That's not my point. I just see the layout of FS emerging thru this.
 
> > 2) this requires you to think! Sure, I can't force you to think, but
> > it's good to try.
> 
> Ha! I am thinking, and I think you're wrong. :)

Prrrr :-P
 
> > Example?
> >
> > Java avoiding multiple inheritance. That's the best ever.
> >
> > Have you ever wanted multiple inheritance? I did. Badly. It forced me to
> > go to my whiteboard and layout my OO strategy. Now I don't anymore
> > because I saw the problem and my design improved.
> 
> That's smokescreen, it isn't exactly relevant to this discussion. Trying
> to sidetrack me, you are... :)

No, dude, I don't need to do tricks to prove my points and I think you
got caught into FS.
 
> > Careful, a sitemap with no variables is, to me, the exact equivalent.
> > You should _not_ place logic into the sitemap... by creating variables
> > and run-time parameters.... it would soon make the sitemap too complex
> > to handle.
> 
> But you _already_ have logic in the sitemap. 

This is unfortunately correct. But the -minimal- logic necessary (but I
admit you've got a big point on this)

> What else is the matcher element but a boolean conditional? 

No, that's not logic. To me logic is

 <process uri="/**">
  <generator ... src="./home/**"/>

where "**" is a variable. This is what I'm seriously concerned about,
also because it's hard to visually program.

> I do _not_ think we need to _create_
> variables in the sitemap, just reference them.

Point well taken.

Question: how do you know what variable you have access to? 

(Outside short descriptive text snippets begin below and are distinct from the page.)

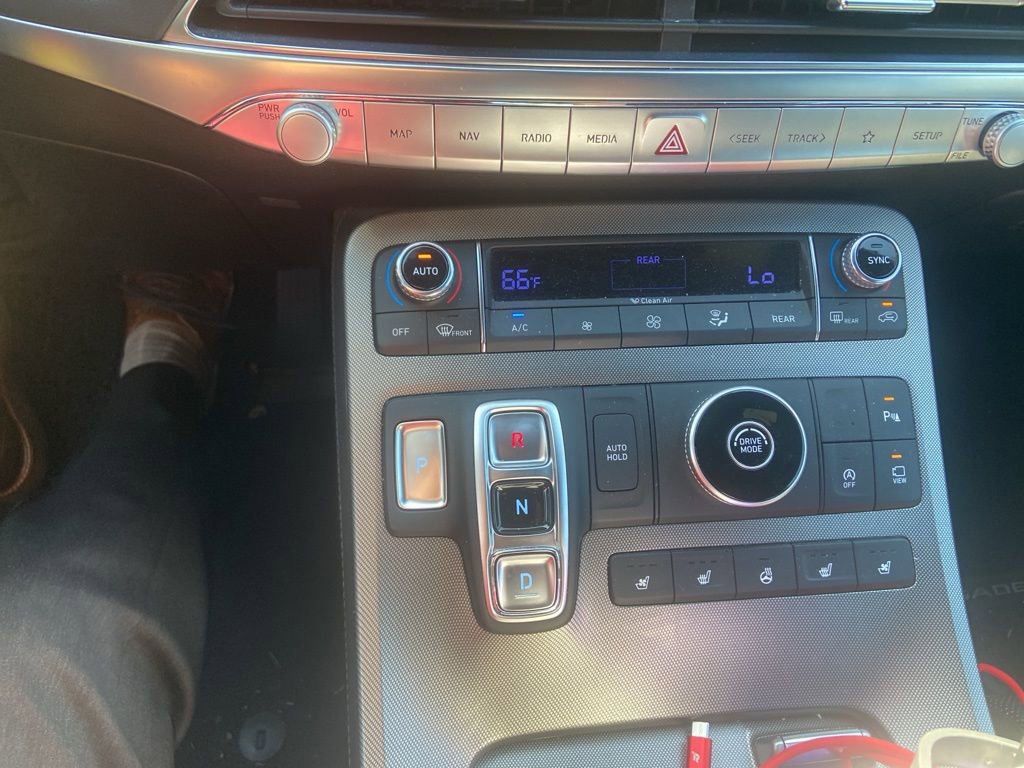 Used 2022 Hyundai Palisade Calligraphy FWD image 4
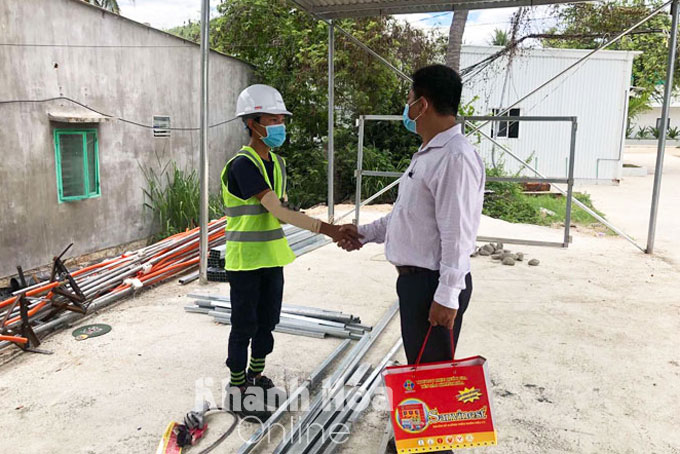 Vụ "Bánh mì không phải hàng thiết yếu":  Phó Chủ tịch phường Vĩnh Hòa gặp và xin lỗi anh Trần Văn Em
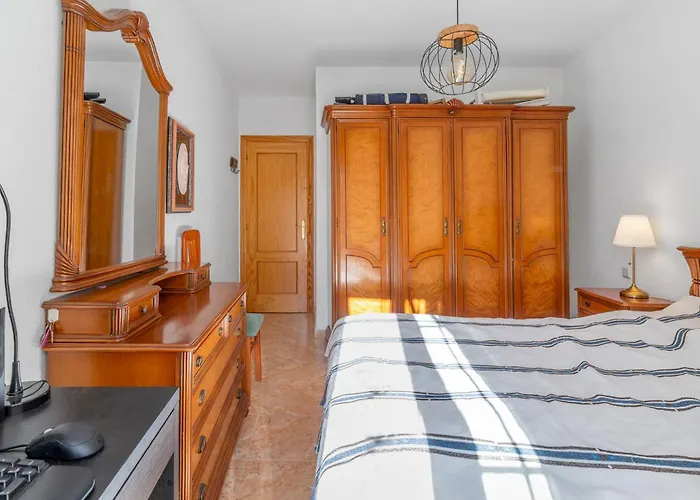 Family Friendly Patio And Poolview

> > On the other hand, I do see the need for such a thing.... it's another
> > of those things I need more feedback to evaluate....
> >
> > The problem is that once we add it and people start using it, we can't
> > remove it later on. So we must decide if this is FS or not _before_
> > placing it in.
> 
> Well, I dunno. Cocoon2's in alpha, so we should still be able to make
> these type experiments without affecting anyone seriously. I see your
> point, though, which is why I find this discussion quite valuable.

Same here.

-- 
Stefano Mazzocchi      One must still have chaos in oneself to be
                          able to give birth to a dancing star.
<st...@apache.org>                             Friedrich Nietzsche
--------------------------------------------------------------------
 Missed us in Orlando? Make it up with ApacheCON Europe in London!
------------------------- http://ApacheCon.Com ---------------------



Re: Small note on sitemap configuration

Posted by Donald Ball <ba...@webslingerZ.com>.
On Thu, 1 Jun 2000, Stefano Mazzocchi wrote:

> > i'm simply saying that a sitemap that allows conditionals based
> > on something like this:
> > 
> > <process uri="whatever">
> >  <matcher type="browser" value="explorer">
> >   <matcher type="language" value="en">
> >    <generator type="file" src="explorer.xml">
> >   </matcher>
> >   <matcher type="language" value="it">
> >    <generator type="file" src="explorer.it.xml">
> >   </matcher>
> >  </matcher>
> >  <matcher type="browser" value="lynx">
> >   <matcher type="language" value="en">
> >    <generator type="file" src="lynx.xml">
> >   </matcher>
> >   <matcher type="language" value="it">
> >    <generator type="file" src="lynx.it.xml">
> >   </matcher>
> >  </matcher>
> > </process>
> >
> > That's hella-cumbersome, and doesn't factor out the conditionals very
> > well. My strategy would let you rewrite it like this:
> > 
> > <process>
> >  <choose>
> >   <when test="$language='en'">
> >    <generator type="file" src="{$browser}.xml"/>
> >   </when>
> >   <when test="$language='it'">
> >    <generator type="file" src="{$browser}.{$language}.xml"/>
> >   </when>
> >  </choose>
> > </process>
> >
> > I think that's much easier to understand and write. 
> 
> I think
> 
>  <process uri="**">
>   <generator test="lang-browser-file" src="**"/>
>  </process>
> 
> is much easier to understand and write :)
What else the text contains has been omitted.